## Data supplied
+ + + + + + +
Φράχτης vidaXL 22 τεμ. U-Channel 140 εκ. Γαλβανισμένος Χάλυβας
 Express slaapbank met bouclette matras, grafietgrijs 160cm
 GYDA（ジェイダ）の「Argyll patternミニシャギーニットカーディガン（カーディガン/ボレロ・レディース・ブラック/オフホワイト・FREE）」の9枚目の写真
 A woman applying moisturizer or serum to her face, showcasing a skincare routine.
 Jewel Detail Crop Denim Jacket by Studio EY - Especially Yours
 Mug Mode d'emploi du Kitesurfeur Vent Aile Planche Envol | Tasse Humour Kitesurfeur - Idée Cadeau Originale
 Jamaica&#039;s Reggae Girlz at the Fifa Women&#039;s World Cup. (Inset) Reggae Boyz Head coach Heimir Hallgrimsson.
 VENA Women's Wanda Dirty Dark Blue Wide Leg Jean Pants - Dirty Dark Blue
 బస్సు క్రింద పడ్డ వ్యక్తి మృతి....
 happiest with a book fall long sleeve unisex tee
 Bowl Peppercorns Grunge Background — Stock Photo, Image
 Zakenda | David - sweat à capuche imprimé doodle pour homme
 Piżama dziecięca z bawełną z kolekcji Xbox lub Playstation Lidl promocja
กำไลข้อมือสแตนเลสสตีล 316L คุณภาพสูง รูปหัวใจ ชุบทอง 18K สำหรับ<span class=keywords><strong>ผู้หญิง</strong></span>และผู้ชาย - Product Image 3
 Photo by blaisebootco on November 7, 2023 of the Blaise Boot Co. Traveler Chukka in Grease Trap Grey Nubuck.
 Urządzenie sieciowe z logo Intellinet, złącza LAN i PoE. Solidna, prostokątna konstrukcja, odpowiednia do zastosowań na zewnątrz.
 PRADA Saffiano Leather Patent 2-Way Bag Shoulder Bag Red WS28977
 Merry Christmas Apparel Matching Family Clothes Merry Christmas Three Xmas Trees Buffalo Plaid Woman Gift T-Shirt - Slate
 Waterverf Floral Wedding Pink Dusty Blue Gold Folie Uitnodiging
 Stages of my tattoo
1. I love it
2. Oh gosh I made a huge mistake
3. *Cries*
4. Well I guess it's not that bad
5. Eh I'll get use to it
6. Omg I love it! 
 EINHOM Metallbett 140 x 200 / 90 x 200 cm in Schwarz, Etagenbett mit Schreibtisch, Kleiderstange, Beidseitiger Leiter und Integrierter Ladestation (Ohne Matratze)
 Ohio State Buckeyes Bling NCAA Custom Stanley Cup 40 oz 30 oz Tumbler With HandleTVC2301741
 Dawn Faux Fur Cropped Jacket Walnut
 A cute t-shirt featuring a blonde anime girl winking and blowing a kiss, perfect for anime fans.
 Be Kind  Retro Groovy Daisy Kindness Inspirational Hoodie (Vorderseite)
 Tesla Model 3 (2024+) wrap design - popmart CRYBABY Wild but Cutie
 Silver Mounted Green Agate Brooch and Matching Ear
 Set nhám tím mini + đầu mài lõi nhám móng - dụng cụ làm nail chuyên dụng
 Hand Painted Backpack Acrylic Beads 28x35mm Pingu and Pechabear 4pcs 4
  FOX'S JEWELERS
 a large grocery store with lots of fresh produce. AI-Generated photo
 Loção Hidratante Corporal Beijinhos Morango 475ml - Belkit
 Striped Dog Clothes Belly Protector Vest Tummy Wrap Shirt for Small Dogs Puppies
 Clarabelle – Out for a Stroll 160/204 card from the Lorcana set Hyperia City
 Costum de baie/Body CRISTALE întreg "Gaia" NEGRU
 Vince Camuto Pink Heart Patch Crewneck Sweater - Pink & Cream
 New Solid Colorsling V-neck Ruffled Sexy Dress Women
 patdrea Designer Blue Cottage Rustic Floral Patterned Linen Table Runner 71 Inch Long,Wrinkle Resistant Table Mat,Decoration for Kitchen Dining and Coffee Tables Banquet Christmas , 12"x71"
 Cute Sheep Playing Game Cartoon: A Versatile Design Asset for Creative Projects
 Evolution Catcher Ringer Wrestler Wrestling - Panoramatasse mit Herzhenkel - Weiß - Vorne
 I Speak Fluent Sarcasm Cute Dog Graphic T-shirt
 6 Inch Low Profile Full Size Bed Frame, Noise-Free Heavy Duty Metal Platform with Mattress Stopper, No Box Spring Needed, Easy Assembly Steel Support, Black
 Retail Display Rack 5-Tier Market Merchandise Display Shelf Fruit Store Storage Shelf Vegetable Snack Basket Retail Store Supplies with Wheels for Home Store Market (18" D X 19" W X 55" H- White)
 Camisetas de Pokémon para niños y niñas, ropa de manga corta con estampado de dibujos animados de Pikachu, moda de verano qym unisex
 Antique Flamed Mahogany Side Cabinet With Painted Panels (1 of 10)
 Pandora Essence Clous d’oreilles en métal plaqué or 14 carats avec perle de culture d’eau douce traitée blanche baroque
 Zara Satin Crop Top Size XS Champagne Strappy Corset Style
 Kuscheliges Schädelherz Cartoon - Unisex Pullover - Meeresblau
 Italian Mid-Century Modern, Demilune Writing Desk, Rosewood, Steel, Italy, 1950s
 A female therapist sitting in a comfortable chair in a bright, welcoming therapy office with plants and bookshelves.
+ + + + + + +
## Task statement
What is needed is every line from the beginning of the data up to and including the line with "Jewel Detail Crop", given again word for word.

## Result of this exercise
Φράχτης vidaXL 22 τεμ. U-Channel 140 εκ. Γαλβανισμένος Χάλυβας
 Express slaapbank met bouclette matras, grafietgrijs 160cm
 GYDA（ジェイダ）の「Argyll patternミニシャギーニットカーディガン（カーディガン/ボレロ・レディース・ブラック/オフホワイト・FREE）」の9枚目の写真
 A woman applying moisturizer or serum to her face, showcasing a skincare routine.
 Jewel Detail Crop Denim Jacket by Studio EY - Especially Yours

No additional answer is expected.